What lines in the following entries hold the word "pink"? Copy each one.

• Exercise input:
-*-*-

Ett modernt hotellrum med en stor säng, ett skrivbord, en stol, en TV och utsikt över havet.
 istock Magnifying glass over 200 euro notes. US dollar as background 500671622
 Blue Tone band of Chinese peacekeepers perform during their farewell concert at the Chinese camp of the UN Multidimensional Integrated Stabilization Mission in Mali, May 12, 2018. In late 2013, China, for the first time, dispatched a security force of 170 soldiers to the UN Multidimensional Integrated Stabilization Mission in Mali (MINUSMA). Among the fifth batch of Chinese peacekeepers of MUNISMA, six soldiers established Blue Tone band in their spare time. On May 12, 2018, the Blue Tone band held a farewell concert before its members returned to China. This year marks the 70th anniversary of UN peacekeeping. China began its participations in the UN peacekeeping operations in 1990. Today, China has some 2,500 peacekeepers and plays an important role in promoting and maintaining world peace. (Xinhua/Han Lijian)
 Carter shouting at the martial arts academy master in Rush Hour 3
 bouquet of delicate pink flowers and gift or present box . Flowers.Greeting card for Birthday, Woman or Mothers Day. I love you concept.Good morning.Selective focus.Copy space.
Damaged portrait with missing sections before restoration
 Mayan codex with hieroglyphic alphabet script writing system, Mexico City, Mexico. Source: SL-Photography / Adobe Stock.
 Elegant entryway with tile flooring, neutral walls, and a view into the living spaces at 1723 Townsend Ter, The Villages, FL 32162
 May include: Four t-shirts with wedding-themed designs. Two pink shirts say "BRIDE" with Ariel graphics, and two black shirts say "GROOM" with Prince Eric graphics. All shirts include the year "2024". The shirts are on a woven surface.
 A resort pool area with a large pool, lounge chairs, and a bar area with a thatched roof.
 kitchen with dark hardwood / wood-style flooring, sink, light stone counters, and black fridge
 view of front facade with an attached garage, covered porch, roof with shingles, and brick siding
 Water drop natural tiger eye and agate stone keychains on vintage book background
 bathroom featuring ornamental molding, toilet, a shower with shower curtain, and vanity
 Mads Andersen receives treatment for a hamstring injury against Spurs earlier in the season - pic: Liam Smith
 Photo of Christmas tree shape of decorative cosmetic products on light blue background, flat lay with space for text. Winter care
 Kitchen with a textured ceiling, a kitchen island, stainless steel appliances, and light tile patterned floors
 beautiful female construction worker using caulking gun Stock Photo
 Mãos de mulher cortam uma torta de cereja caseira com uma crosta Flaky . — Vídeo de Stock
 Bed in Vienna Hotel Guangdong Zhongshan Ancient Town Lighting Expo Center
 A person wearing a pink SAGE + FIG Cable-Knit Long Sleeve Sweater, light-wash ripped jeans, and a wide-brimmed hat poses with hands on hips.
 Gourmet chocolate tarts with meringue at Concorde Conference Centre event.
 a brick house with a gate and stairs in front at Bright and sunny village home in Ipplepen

-*-*-

• Answer space:
 bouquet of delicate pink flowers and gift or present box . Flowers.Greeting card for Birthday, Woman or Mothers Day. I love you concept.Good morning.Selective focus.Copy space.
 May include: Four t-shirts with wedding-themed designs. Two pink shirts say "BRIDE" with Ariel graphics, and two black shirts say "GROOM" with Prince Eric graphics. All shirts include the year "2024". The shirts are on a woven surface.
 A person wearing a pink SAGE + FIG Cable-Knit Long Sleeve Sweater, light-wash ripped jeans, and a wide-brimmed hat poses with hands on hips.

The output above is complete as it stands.